WASHINGTON, D.C. – U.S. Reps. Terri Sewell (D-AL) and John Katko (R-NY) have introduced legislation that would take critical steps towards reducing nationwide physician shortages by boosting the number of Medicare-supported residency positions. The Resident Physician Shortage Act (H.R. 1763) would support an additional 3,000 positions each year for the next five years, for a total of 15,000 residency positions.
“This week, medical students across the country will celebrate their match into physician residency programs, but many of their peers will be left without a residency due to the gap between students applying and the number of funded positions. At the same time, the United States faces a projected shortage of up to 120,000 physicians by 2030. We need to act now to train more qualified doctors,” Sewell said. “Increasing the number of Medicare-supported residency positions means increasing the number of trained doctors to meet growing demand. It also means giving hospitals and health centers the tools they need to increase access, lower wait times for patients and create a pipeline of qualified medical professionals to serve Americans’ health needs.”

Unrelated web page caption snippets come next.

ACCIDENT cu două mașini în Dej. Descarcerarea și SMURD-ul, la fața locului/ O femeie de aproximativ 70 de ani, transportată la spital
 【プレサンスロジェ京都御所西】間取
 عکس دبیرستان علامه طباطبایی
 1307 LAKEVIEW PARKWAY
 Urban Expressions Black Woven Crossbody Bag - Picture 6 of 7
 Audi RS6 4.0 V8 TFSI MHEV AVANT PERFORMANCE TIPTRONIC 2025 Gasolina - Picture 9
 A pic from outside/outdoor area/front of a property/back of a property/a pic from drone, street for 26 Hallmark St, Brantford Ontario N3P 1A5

To become a practicing doctor in the U.S., medical school graduates must complete a residency program. However, for the past two decades, an artificial cap on the number of residents funded by Medicare – which is the primary source of payment for residents – has limited the expansion of training programs and the number of trainees.
According to the Association of American Medical Colleges, the United States will face a physician shortage of between 42,600 and 121,300 physicians by 2030. As the American population grows older, the demand for physicians and other medical professionals will increase.
Earlier this year, the Medical Association empaneled the Manpower Shortage Task Force to develop and restore adequate health care manpower in all geographic areas in order to provide quality local health care for all Alabama citizens. Members of the task force have discussed a number of issues including fully funding the Board of Medical Scholarship Awards, scope of practice, physician pipeline programs, education and the possibility of GME expansion, recruitment and retention of physicians through meaningful tax credits and rural community support, and start-up business models.
“Naturally, there are a lot of concerns about health care shortages in rural areas, but our goal with the task force is a long-term solution,” said Medical Association Executive Director Mark Jackson. “The task force and the resolution stand as a reminder that Alabama ranks in the last five of 50 states in health status categories, and while primary care medicine is effective in raising health status, supporting hospitals and improving the economic status of disadvantaged communities, the state’s aging population is causing an escalation in need for primary care physicians. The Association would like to thank Rep. Sewell for introducing the bill and will work closely with her and her staff to help ensure its passage.”